REPUBLIKA.CO.ID, KOLOMBO -- Gereja Katolik di Sri Lanka pada Selasa meminta pemerintah memperjelas rencananya mengadakan pemilihan dini untuk presiden, di tengah kekhawatiran bahwa pemiliha umum itu menggagalkan rencana kunjungan Paus.
Sri Lanka belum mengumumkan tanggal pemilihan umum, tapi menteri penerangan pada Senin (20/10) menyatakan pemungutan suara akan diadakan pada Januari, ketika Paus Fransiskus berkunjung.

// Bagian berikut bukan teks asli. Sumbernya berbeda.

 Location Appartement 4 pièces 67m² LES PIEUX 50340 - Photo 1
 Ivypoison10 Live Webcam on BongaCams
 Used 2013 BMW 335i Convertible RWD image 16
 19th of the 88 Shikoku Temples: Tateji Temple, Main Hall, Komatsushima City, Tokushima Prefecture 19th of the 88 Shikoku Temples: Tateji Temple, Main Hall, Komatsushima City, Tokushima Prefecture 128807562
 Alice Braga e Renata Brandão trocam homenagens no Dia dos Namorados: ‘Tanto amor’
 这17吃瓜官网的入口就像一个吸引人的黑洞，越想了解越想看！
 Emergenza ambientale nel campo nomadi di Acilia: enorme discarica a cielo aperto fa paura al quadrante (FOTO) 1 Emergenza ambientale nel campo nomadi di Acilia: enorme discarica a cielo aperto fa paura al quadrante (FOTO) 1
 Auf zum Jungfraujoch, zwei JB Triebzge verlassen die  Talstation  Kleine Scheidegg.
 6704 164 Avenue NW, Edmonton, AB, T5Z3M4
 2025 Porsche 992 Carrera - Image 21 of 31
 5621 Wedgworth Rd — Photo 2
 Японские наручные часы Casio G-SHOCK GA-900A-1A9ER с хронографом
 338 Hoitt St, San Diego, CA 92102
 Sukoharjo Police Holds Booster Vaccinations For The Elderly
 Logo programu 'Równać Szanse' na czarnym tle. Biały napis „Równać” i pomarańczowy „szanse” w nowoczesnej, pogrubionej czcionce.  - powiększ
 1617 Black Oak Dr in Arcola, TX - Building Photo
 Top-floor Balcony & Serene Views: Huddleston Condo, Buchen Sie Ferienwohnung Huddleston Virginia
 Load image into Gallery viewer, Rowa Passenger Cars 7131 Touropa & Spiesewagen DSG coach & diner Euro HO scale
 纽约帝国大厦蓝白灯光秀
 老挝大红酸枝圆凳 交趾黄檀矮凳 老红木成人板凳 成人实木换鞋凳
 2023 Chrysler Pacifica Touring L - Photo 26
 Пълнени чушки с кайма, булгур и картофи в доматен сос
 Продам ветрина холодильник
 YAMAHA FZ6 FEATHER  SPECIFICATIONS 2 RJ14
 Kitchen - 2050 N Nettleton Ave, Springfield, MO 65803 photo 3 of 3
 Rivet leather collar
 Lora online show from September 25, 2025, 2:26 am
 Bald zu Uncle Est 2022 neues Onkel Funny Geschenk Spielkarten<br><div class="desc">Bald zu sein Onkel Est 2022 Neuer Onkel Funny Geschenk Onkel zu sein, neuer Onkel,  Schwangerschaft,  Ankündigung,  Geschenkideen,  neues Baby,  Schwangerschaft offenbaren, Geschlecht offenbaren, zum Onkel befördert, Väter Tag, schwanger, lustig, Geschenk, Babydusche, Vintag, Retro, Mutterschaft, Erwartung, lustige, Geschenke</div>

Gereja itu sebelumnya menyatakan "tidak pantas" Paus mengunjungi negara mana pun pada saat pemilihan umum.
"Kami belum memutuskan apa pun," kata juru bicara gereja, Cyril Gamini Fernando, kepada AFP, "Para uskup akan bertemu untuk membicarakannya."
Sumber resmi menyatakan pejabat Gereja meminta pemerintah memperjelas pengumuman Menteri Penerangan Keheliya Rambukwella pada Senin bahwa Presiden Mahinda Rajapakse akan mencalonkan diri untuk masa jabatan ketiga pada pemilihan umum pada Januari.
Pemilihan dini diperkirakan berlangsung, tapi pengumuman pada Senin itu adalam kepastian pertama bahwa Rajapakse mencari amanat baru setelah melepaskan batas dua masa bakti di kepresidenan segera sesudah terpilih kembali pada 2010.
Sumber resmi menyatakan 7, 8 dan 9 Januari secara perbintangan dianggap menguntungkan Rajapakse dan pemungutan suara dapat dilaksanakan pada salah satu dari tiga hari tersebut.
Rajapakse mendapatkan ketenaran di kalangan sebagian besar masyarakat Sinhala Srilanka dengan menghancurkan pemberontakan Tamil pada Mei 2009 dan mengakhiri 37 tahun perang panjang Tamil.
Tapi, ketenaran partainya anjlok dalam beberapa bulan belakangan dan jumlah suaranya turun lebih dari 20 persen dalam pemilihan umum daerah pada September.
Katolik Roma mencapai sekitar enam persen dari jumlah penduduk Srilanka, yang sebagian besar penganut Buddha.
Tentara Sri Lanka melarang warga asing mengunjungi daerah bekas perang dalam lawatan Presiden Mahinda Rajapakse ke daerah itu, kata pejabat dan sumber diplomatik.
Warga asing dikembalikan ke Omanthai, pintu masuk -yang diawasi tentara- ke provinsi Utara, tempat presiden itu berkunjung, kata sumber diplomatik.
Pejabat tentara menyatakan pelarangan kunjungan itu diberlakukan untuk "kepentingan negara". Polisi menyatakan tidak berperan mengembalikan warga asing ke Omanthai.